The original iMac G3
The first was the iMac, a powerful G3 Mac in an approachable blue case. The machine instantly took the national spotlight as the cool technology du jour, but Apple immediately drew flak for excluding features traditionally found on Macs such as serial ports, a SCSI port, an ADB port, and a floppy drive. The lack of a floppy drive spurred a plenitude of media and public criticism of Apple’s apparent foolishness. Members of the Mac media (including myself) struck back with articles demonstrating the increasing irrelevance of a 1.4 MB floppy in a world of 100 MB Zip disks, 600 MB CD-ROMs, and 4 GB hard drives.
PowerBook G3 Series
The other announcement of the day was of the PowerBook G3 Series. The notebook’s large screen, sleek styling, and speedy performance garnered most of the attention, but few took interest in the fact that the PowerBook G3 Series was Apple’s first full-size notebook computer sold without a floppy drive. As Henry Bortman wrote in Macworld’s June 1998 issue, “Curiously, a floppy-disk drive is optional, but you’d be ill-advised to leave it out.” The exclusion of the floppy drive on the PowerBook was not merely a “curious” decision, but an intentional move by Apple to phase out the use of floppies in Macintosh computers.
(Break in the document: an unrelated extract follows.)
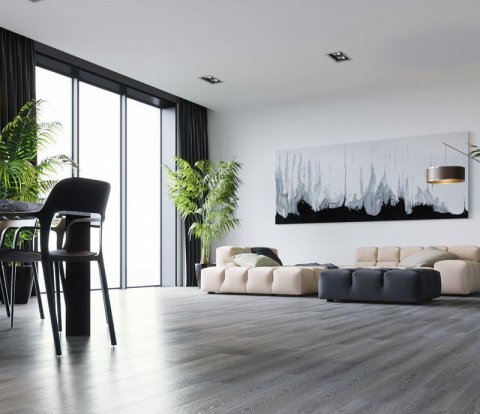 Кварцевый плинтус Fargo Comfort 379-1 Дуб Серый Иней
The ostensible arrogance of Apple’s decision may be explained through its popular “Think Different” television ad:”About the only thing you can’t do is ignore them. Because they change things. They push the human race forward. And while some may see them as the crazy ones, we see genius. Because the people who are crazy enough to think they can change the world are the ones that do. “
Apple clearly sees itself as much more than just a computer company. By dumping technologies that it perceives as obsolete (like the floppy drive) in favor of the latest innovations, the company attempts to assert itself as an agent of technological progress.